SOURCE DATA:
:::::

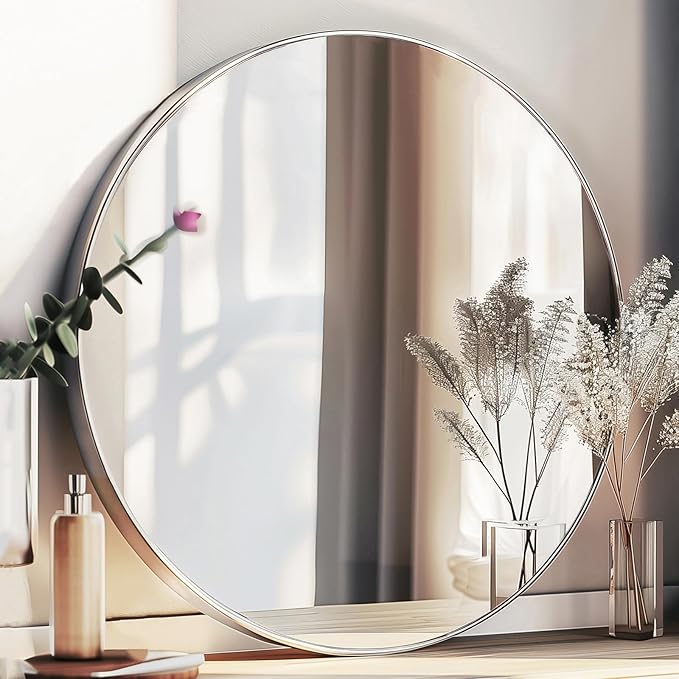 Sunniry Silver Round Mirror 30 inch, Round Bathroom Mirror, Silver Circle Mirrors with Aluminum Frame, Circle Wall Mirrors for Bathroom, Living Room, Hallway, Bedroom.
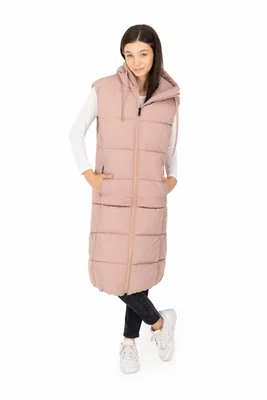 Chaleco Largo Acolchado Capucha Premium Sakers Rosa para Mujer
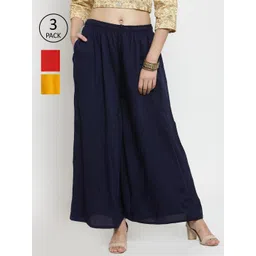 Clora Creation Women Multicoloured Pack of 3 Knitted Palazzos-picture-25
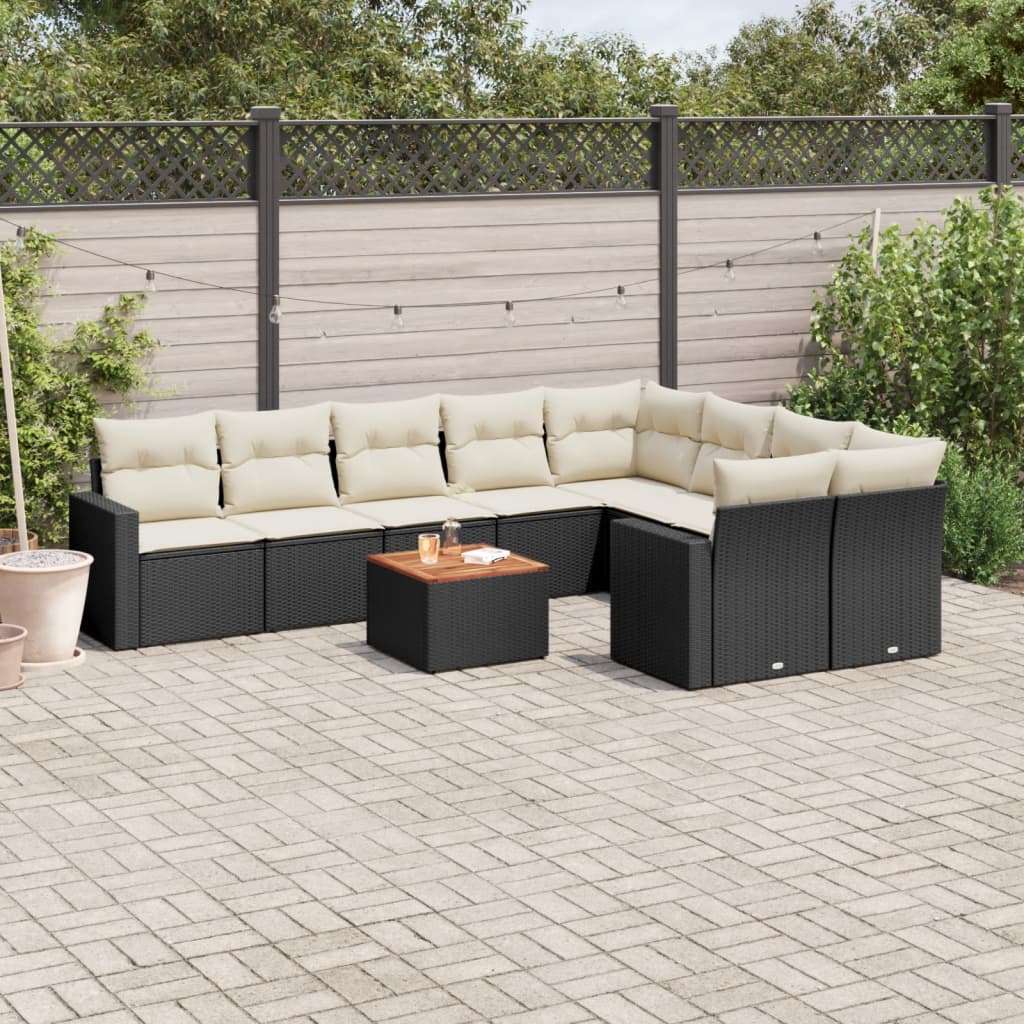 10-Delige Loungeset Met Kussens Poly Rattan Zwart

:::::

REQUIRED ACTION: Reproduce every line of the data above, exactly as it stands, but not the pictures.

REPLY TO THE TASK:
 Sunniry Silver Round Mirror 30 inch, Round Bathroom Mirror, Silver Circle Mirrors with Aluminum Frame, Circle Wall Mirrors for Bathroom, Living Room, Hallway, Bedroom.
 Chaleco Largo Acolchado Capucha Premium Sakers Rosa para Mujer
 Clora Creation Women Multicoloured Pack of 3 Knitted Palazzos-picture-25
 10-Delige Loungeset Met Kussens Poly Rattan Zwart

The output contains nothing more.